§ TASK STATEMENT: Exclude the pictures and reproduce exactly the lines that run from the one holding "44000liters Aluminum 5454" to the end of the entries below.

(Crawled caption data)
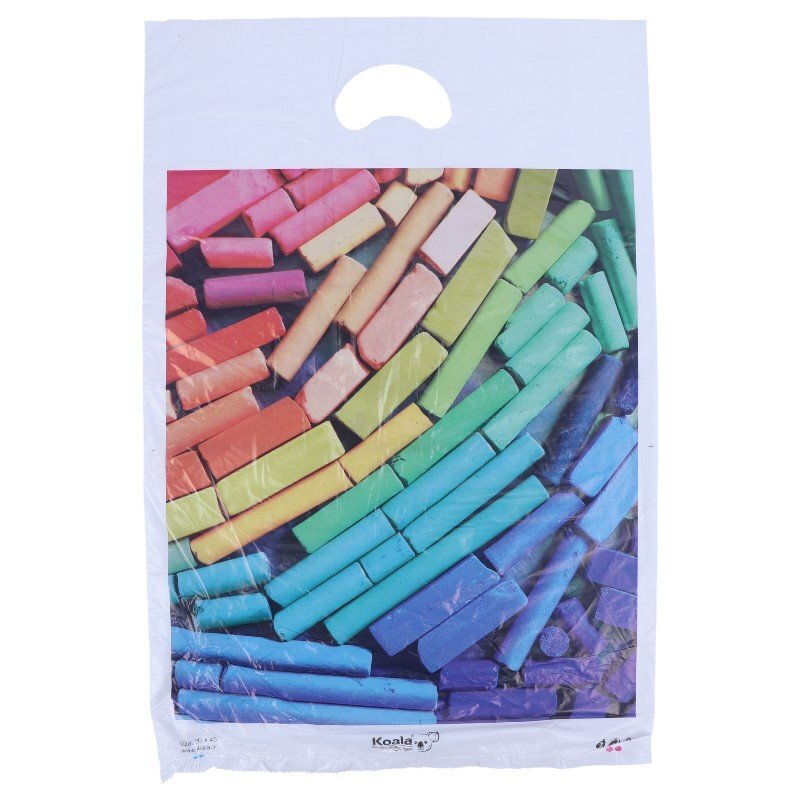 نایلون دسته موزی کوالا طرح فانتزی سایز 45*30 سانتی متر بسته 100 عددی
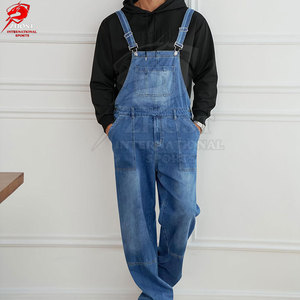 High Quality Fashion Wear <b>Men</b> Jeans <b>Overall</b> Soft Cotton Jeans Adjustable Fit Wholesale Factory Direct Supplier - Product Image 5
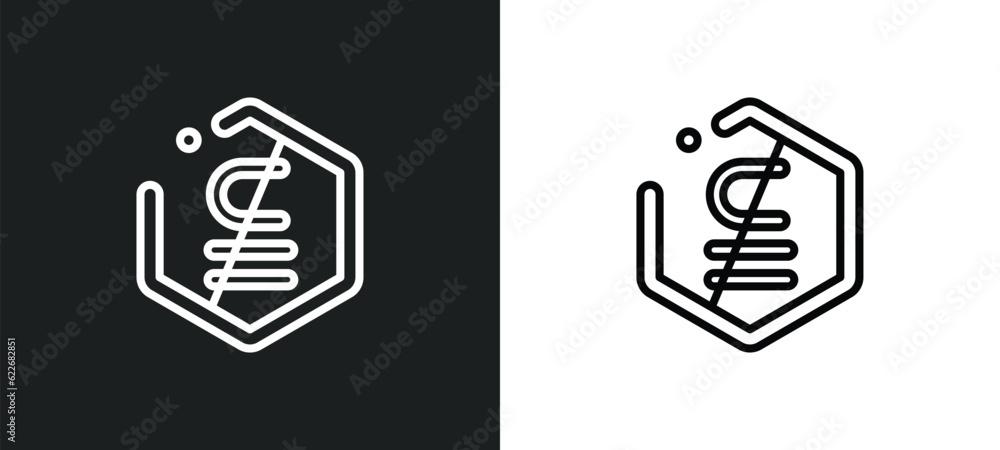 Poster is not a sub outline icon in white and black colors. is not a sub flat vector icon from signs collec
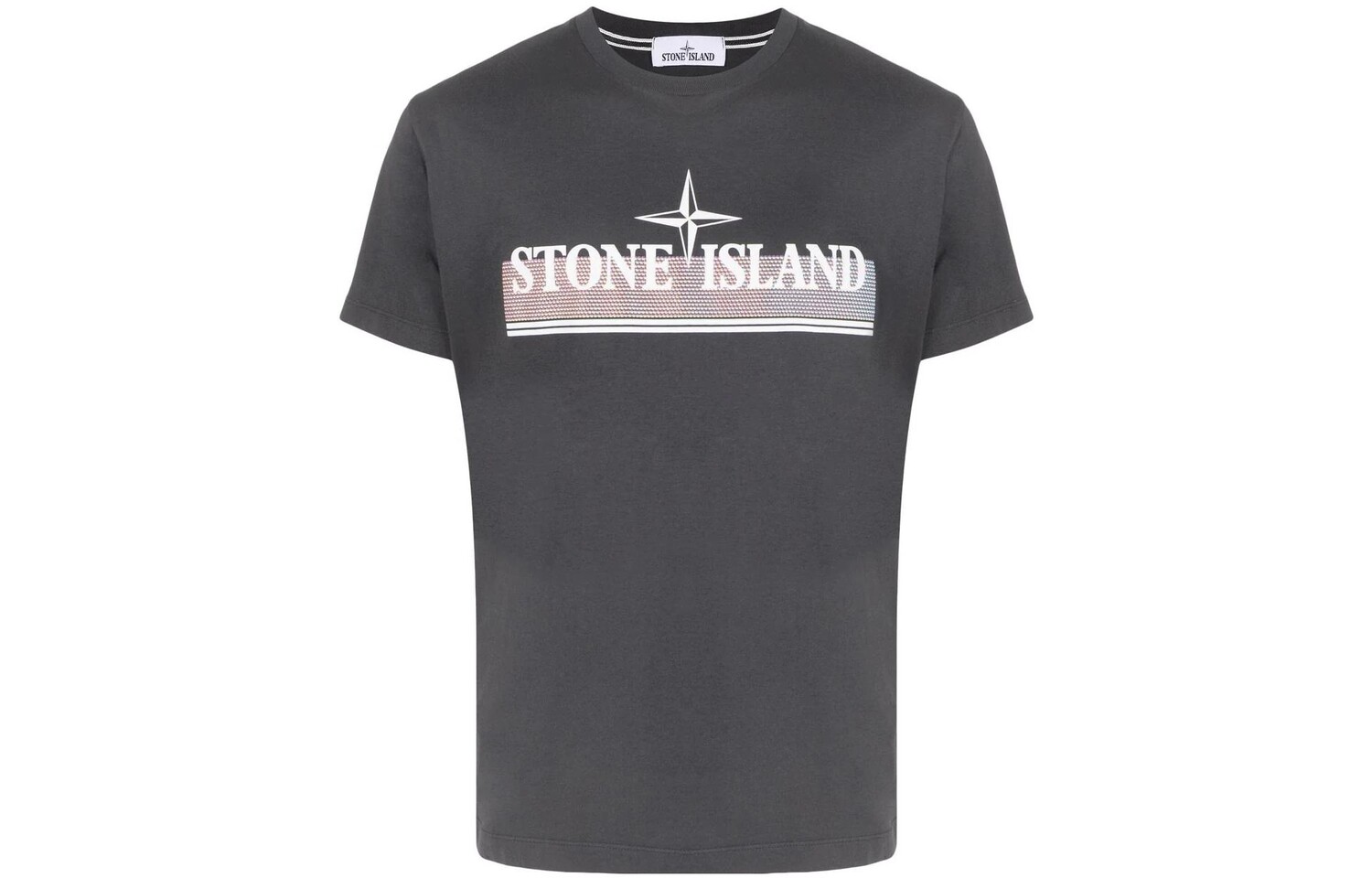 

Футболка мужская серая Stone Island, серый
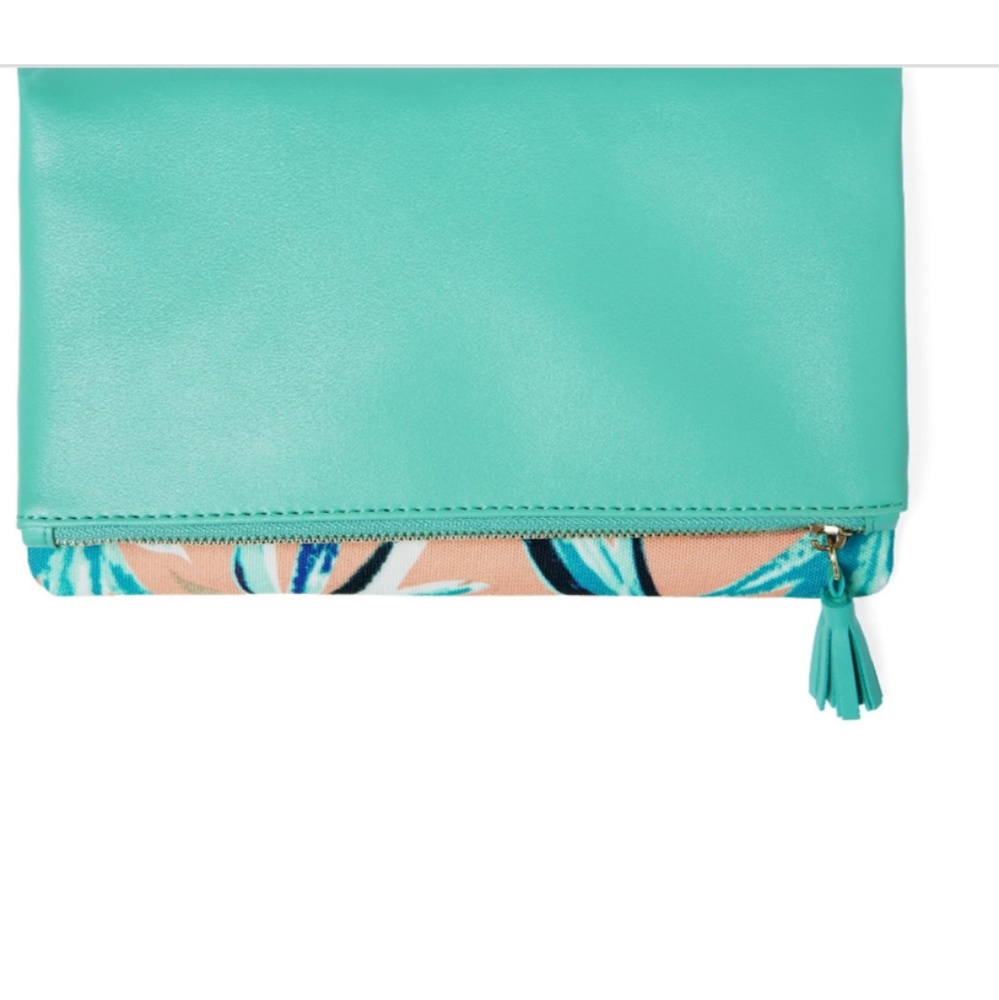 Rachel Pally Reversible Clutch coral/mint NWT - Picture 4 of 4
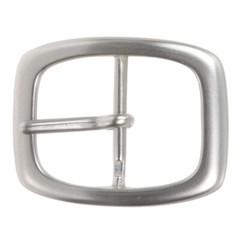 1 1/4&Prime; (33 mm) Nickel Free Single Prong Oval Center Bar Belt Buckle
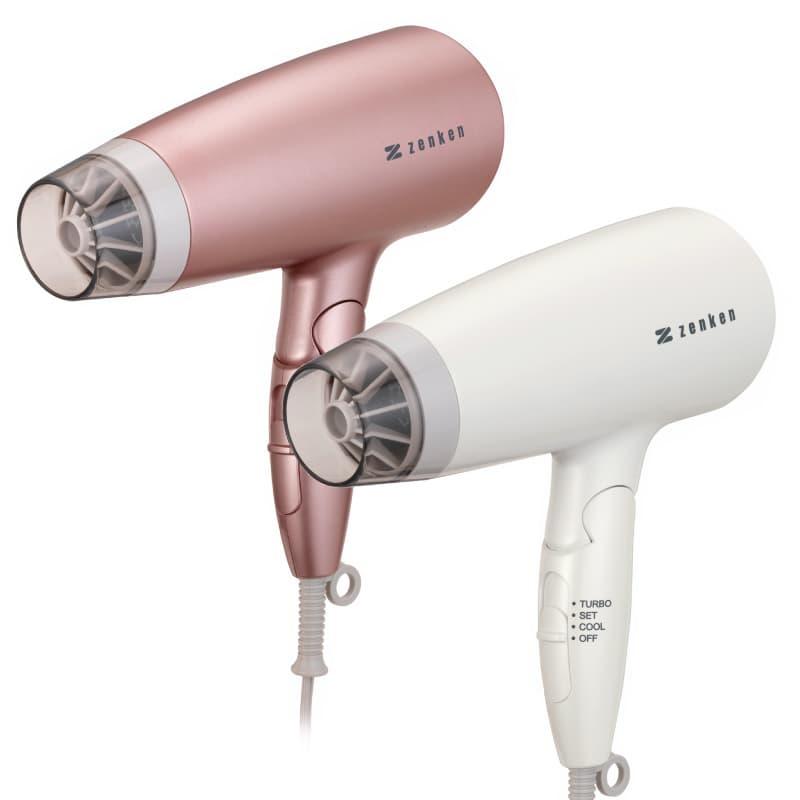 ゼンケン 電磁波低減 ヘアケアドライヤー ZD-750W（パールホワイト）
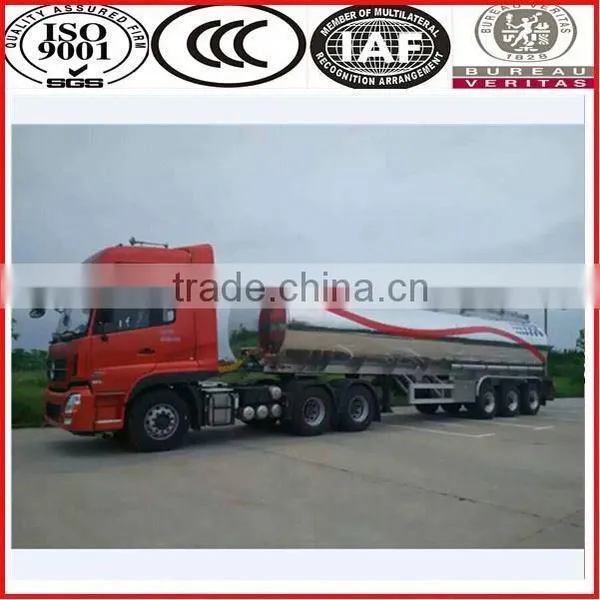 44000liters Aluminum 5454 Tank Fuel Tank Semi-trailer photo-3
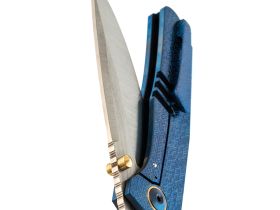 Складной нож Assassin knives Argo 2.0, сталь M398, рукоять титан, синий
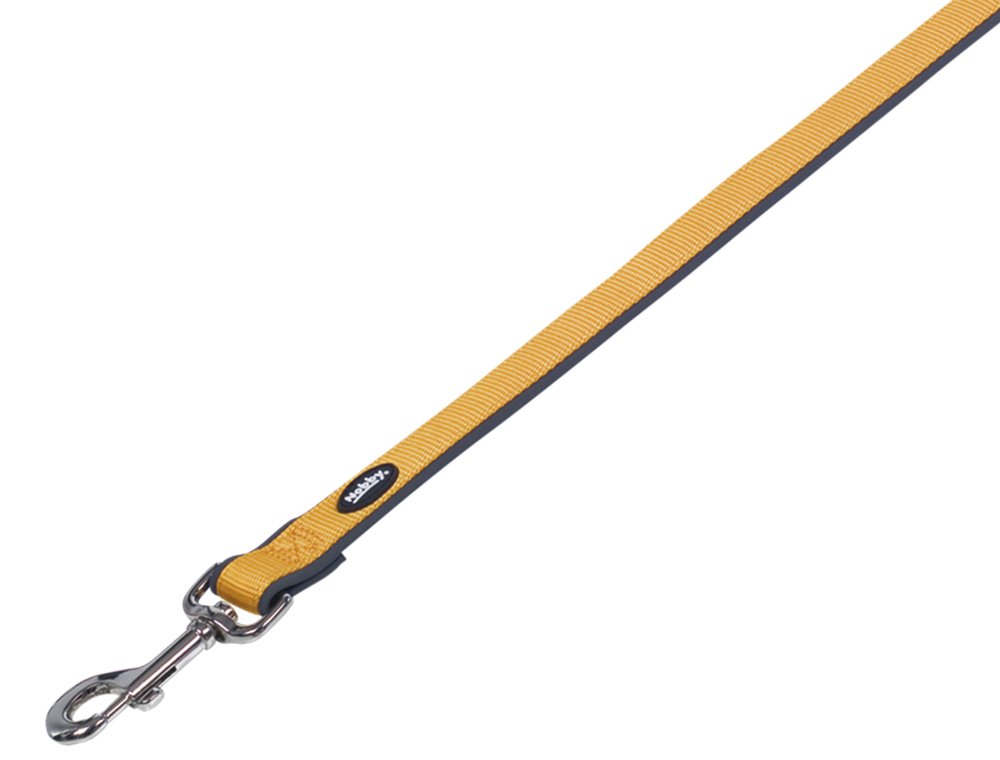 Nobby Classic Preno Dog Lead, 120 cm/15-20 mm, Orange/Gray — image 1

§ TASK ANSWER:
 44000liters Aluminum 5454 Tank Fuel Tank Semi-trailer photo-3
 Складной нож Assassin knives Argo 2.0, сталь M398, рукоять титан, синий
 Nobby Classic Preno Dog Lead, 120 cm/15-20 mm, Orange/Gray — image 1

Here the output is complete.